- _WHAT TO DO_:
All lines from the one containing "Etui na Xiaomi" through the final line of the listing below, and no others, must be returned exactly; no pictures belong in the copy.
BEGIN
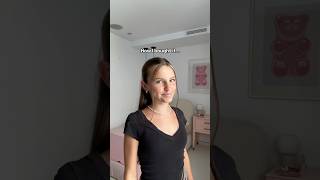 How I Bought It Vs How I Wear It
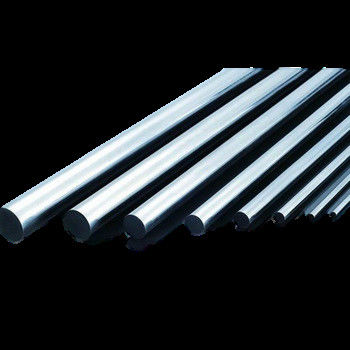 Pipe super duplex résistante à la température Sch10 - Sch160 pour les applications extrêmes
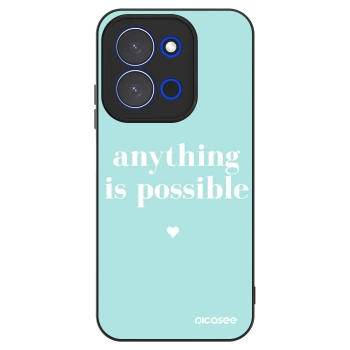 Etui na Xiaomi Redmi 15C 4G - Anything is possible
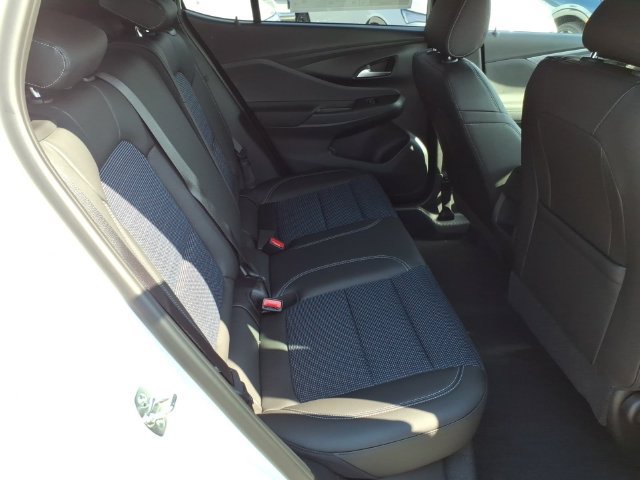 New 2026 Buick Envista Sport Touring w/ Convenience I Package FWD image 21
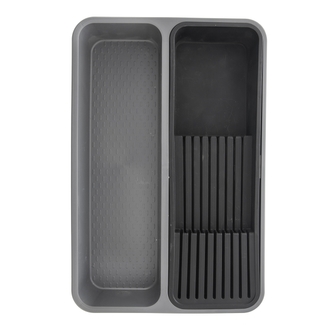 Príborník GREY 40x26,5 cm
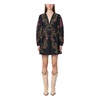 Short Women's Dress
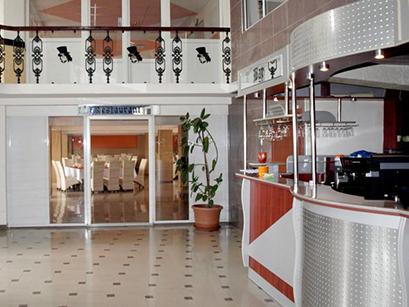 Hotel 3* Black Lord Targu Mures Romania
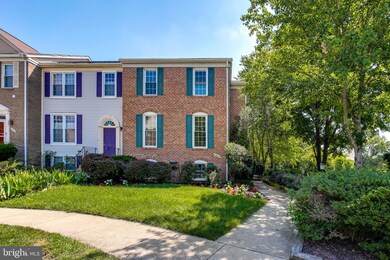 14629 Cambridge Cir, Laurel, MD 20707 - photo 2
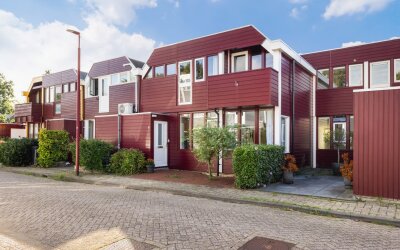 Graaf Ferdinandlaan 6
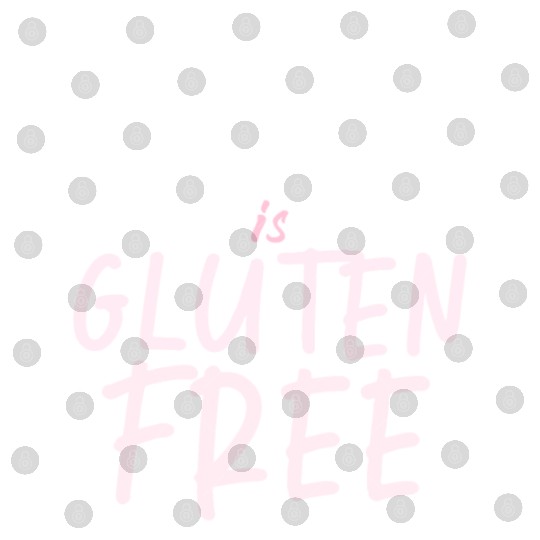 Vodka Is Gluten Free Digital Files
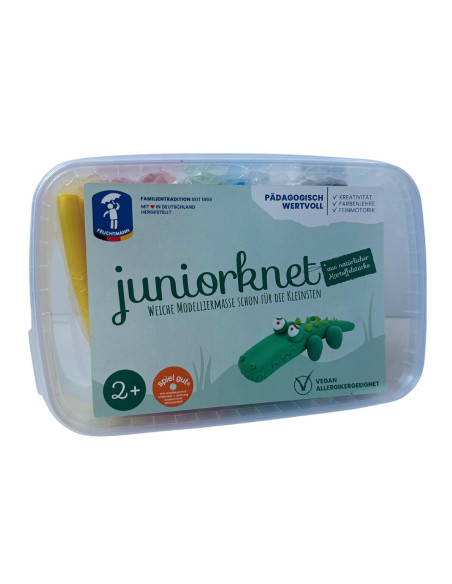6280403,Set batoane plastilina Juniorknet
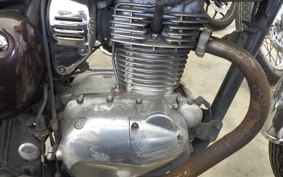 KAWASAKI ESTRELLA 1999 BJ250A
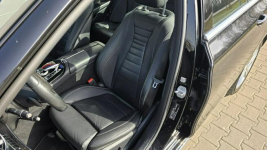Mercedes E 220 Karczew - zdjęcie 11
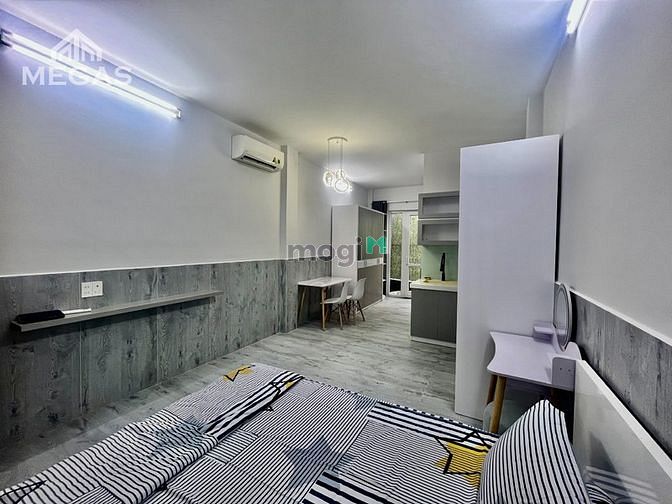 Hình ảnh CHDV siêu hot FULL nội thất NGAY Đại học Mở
END
- _SOLUTION FOR THIS PROBLEM_:
 Etui na Xiaomi Redmi 15C 4G - Anything is possible
 New 2026 Buick Envista Sport Touring w/ Convenience I Package FWD image 21
 Príborník GREY 40x26,5 cm
 Short Women's Dress
 Hotel 3* Black Lord Targu Mures Romania
 14629 Cambridge Cir, Laurel, MD 20707 - photo 2
 Graaf Ferdinandlaan 6
 Vodka Is Gluten Free Digital Files
6280403,Set batoane plastilina Juniorknet
 KAWASAKI ESTRELLA 1999 BJ250A
Mercedes E 220 Karczew - zdjęcie 11
 Hình ảnh CHDV siêu hot FULL nội thất NGAY Đại học Mở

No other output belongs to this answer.